━━━ Task inputs

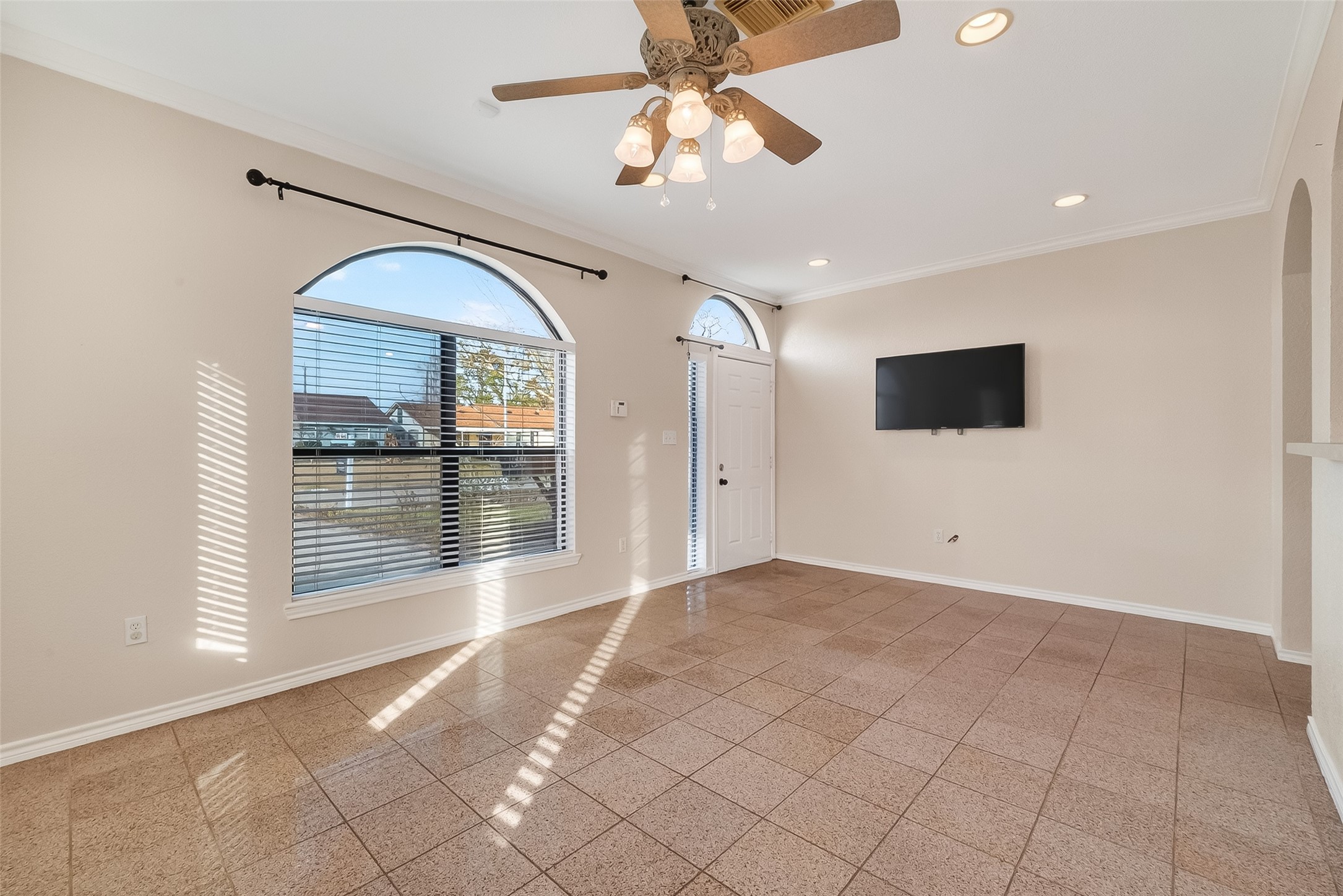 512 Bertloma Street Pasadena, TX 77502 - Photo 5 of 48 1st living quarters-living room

━━━━━━
━━━ Task inputs

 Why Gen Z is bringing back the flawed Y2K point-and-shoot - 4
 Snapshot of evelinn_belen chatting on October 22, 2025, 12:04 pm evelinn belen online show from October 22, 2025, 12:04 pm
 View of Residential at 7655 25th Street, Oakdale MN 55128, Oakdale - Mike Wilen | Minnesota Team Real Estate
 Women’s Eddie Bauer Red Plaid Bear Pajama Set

━━━━━━

__Exercise directions__:
What you return must be the lines above that run from the line with "Why Gen Z is" to the line with "Women’s Eddie Bauer", inclusive, each copied exactly.

__Final answer__:
 Why Gen Z is bringing back the flawed Y2K point-and-shoot - 4
 Snapshot of evelinn_belen chatting on October 22, 2025, 12:04 pm evelinn belen online show from October 22, 2025, 12:04 pm
 View of Residential at 7655 25th Street, Oakdale MN 55128, Oakdale - Mike Wilen | Minnesota Team Real Estate
 Women’s Eddie Bauer Red Plaid Bear Pajama Set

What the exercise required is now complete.